(Dataset entries)
━━━━━━━━━━━━━━━━

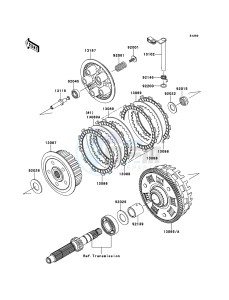 ER-6f ABS EX650B6F GB XX (EU ME A(FRICA) drawing Clutch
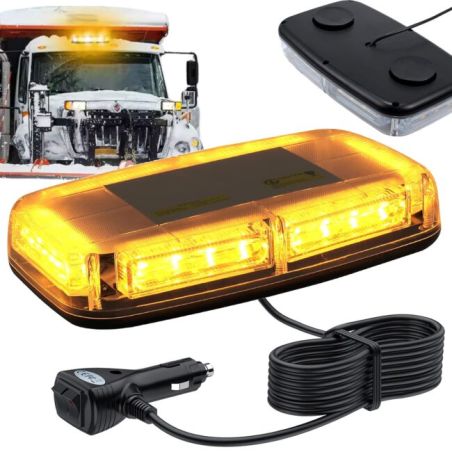 DH Light LBK1 stroboskop pomarańczowy LED kogut la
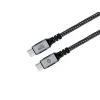 USB-C-auf-USB-C-Kabel CONCEPTRONIC ETTA07B20 — USB 3.2 Gen 2x2, 2 m, 20 Gbps, PD 3.0 100W (20V 5A), 4K@60Hz, E-mark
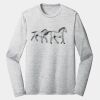 Sublimatable PosiCharge Long Sleeve Electric Heather Tee Thumbnail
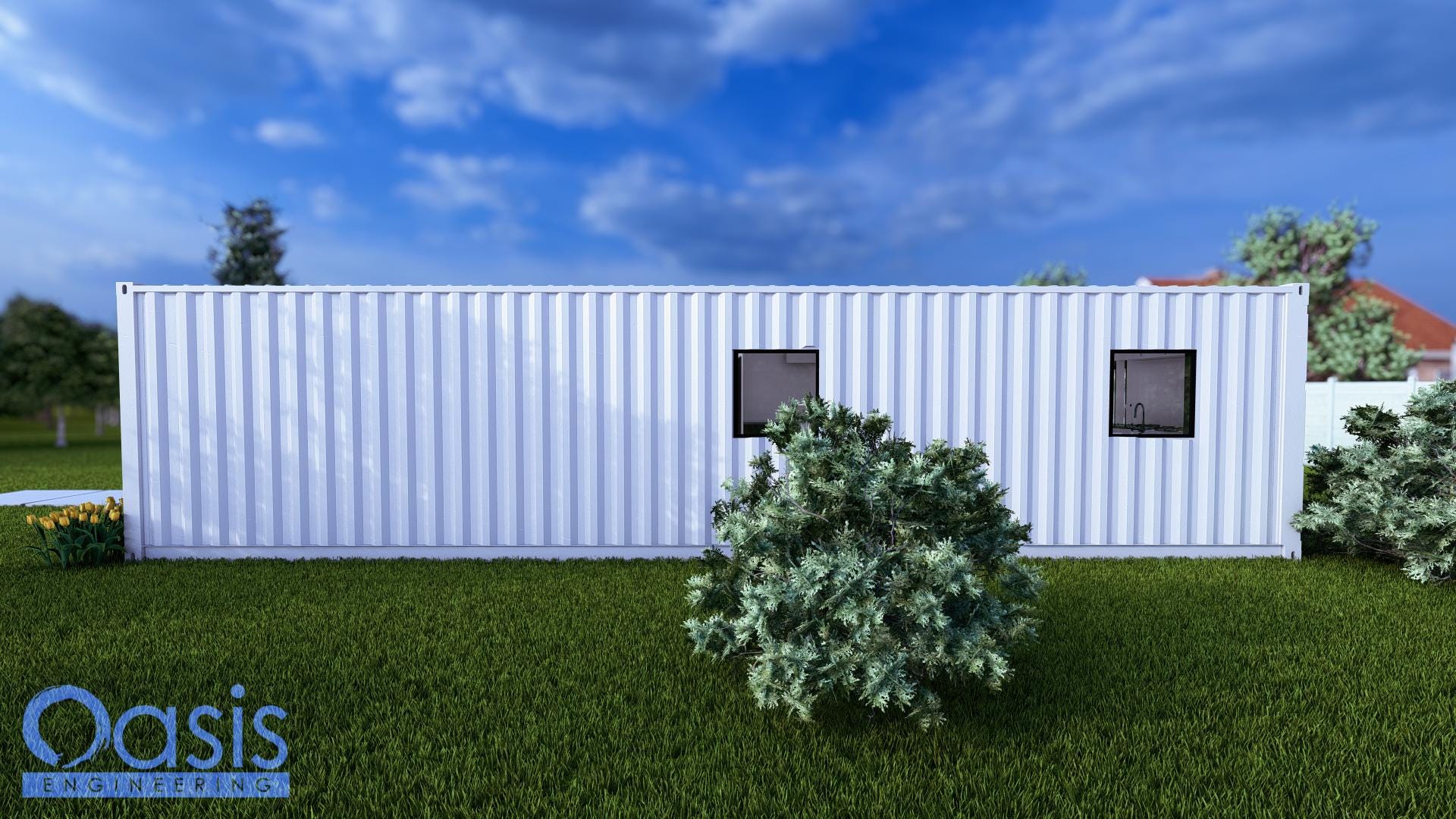 Modern 3 Bedroom Container Home Plans | 40x32 DIY Shipping Container ...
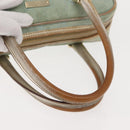GUCCI GG Canvas Hand Bag Peppermint Gold 000 0852 Auth 146975-7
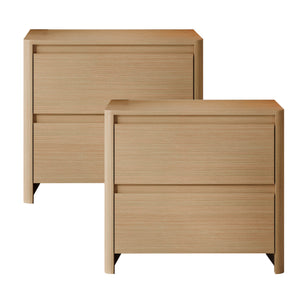 Nattduksbord Takranmaa 2-pack 54x60x40 cm Eklook [en.casa]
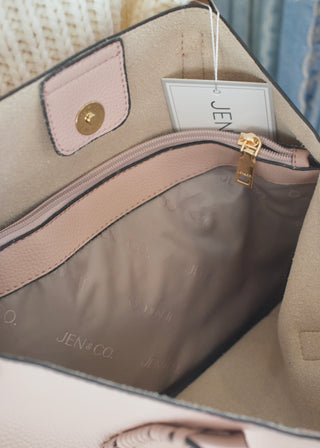 Micah Whipstitch Tote - Mauve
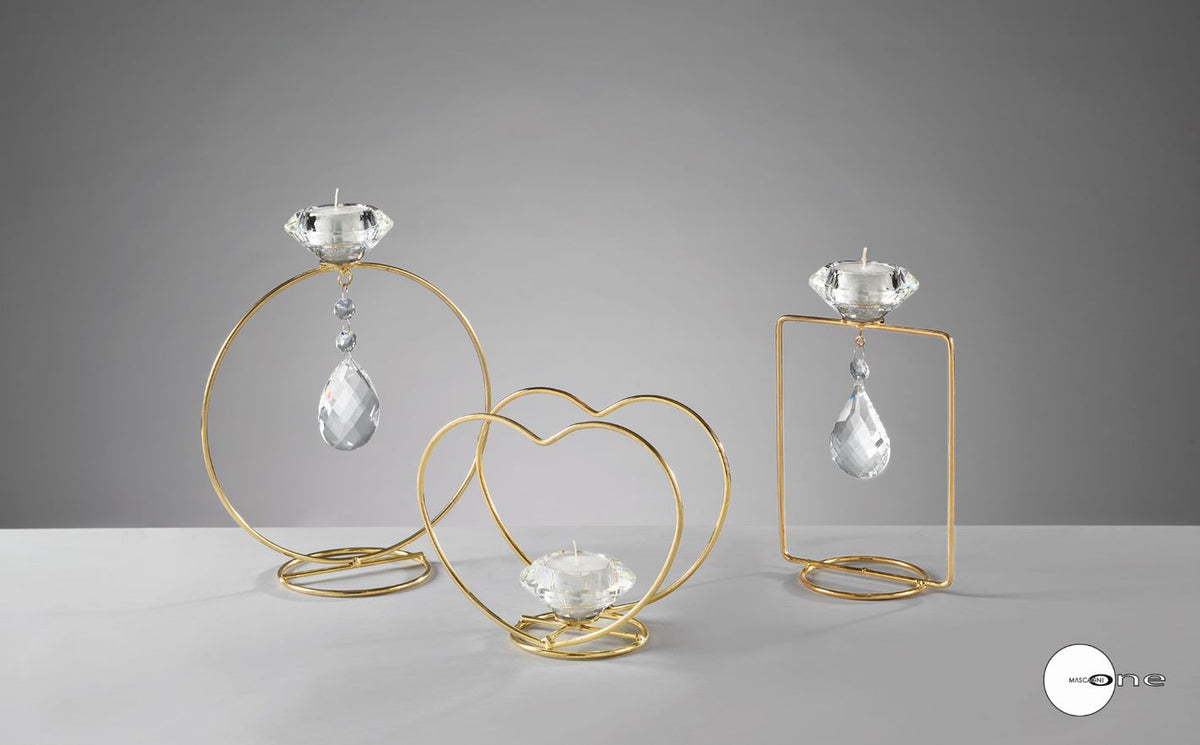 SCULTURA PORTACANDELA CUORE - Mascagni One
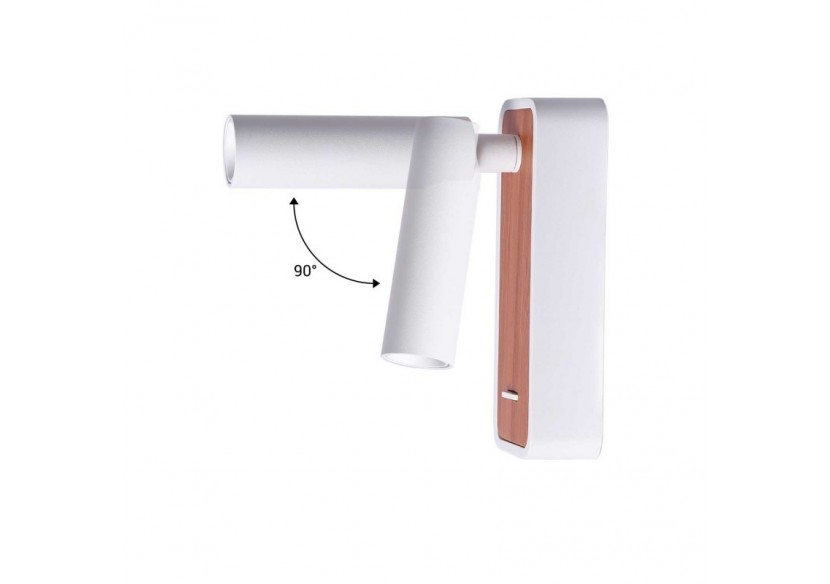 Lot de 2-Applique liseuse "Irene"-3W-Puce CREE-Blanc - K1549-2B - Barcelona LED Lot de 2-Applique liseuse "Irene"-3W-Puce CREE-Blanc - K1549-2B - Barcelona LED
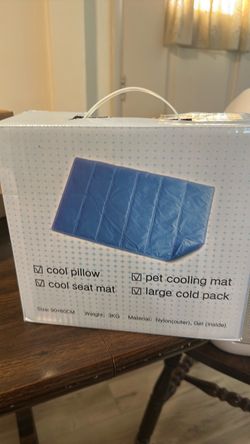 Alfombrilla de enfriamiento de gel, almohadilla de enfriamiento físico, universal para oficina, hogar y automóvil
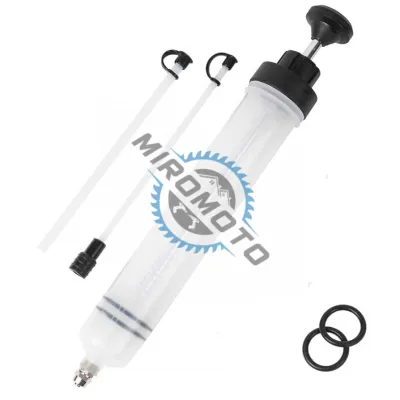 Pompa extractor fluid auto, seringa pentru schimb de ulei cu furtun, aspirator manual de combustibil si umplere, 500ml, transparent, pentru ulei si lichide mecanice Pompa extractor fluid auto, seringa pentru schimb de ulei cu furtun, aspirator manual de combustibil si umplere, 500ml, transparent, pentru ulei si lichide mecanice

━━━━━━━━━━━━━━━━

- _What you will do_: What you should return is the exact text of every line from the top of the entries through the line with "GUCCI GG Canvas", pictures removed.

- _Output below_:
 ER-6f ABS EX650B6F GB XX (EU ME A(FRICA) drawing Clutch
 DH Light LBK1 stroboskop pomarańczowy LED kogut la
 USB-C-auf-USB-C-Kabel CONCEPTRONIC ETTA07B20 — USB 3.2 Gen 2x2, 2 m, 20 Gbps, PD 3.0 100W (20V 5A), 4K@60Hz, E-mark
 Sublimatable PosiCharge Long Sleeve Electric Heather Tee Thumbnail
 Modern 3 Bedroom Container Home Plans | 40x32 DIY Shipping Container ...
GUCCI GG Canvas Hand Bag Peppermint Gold 000 0852 Auth 146975-7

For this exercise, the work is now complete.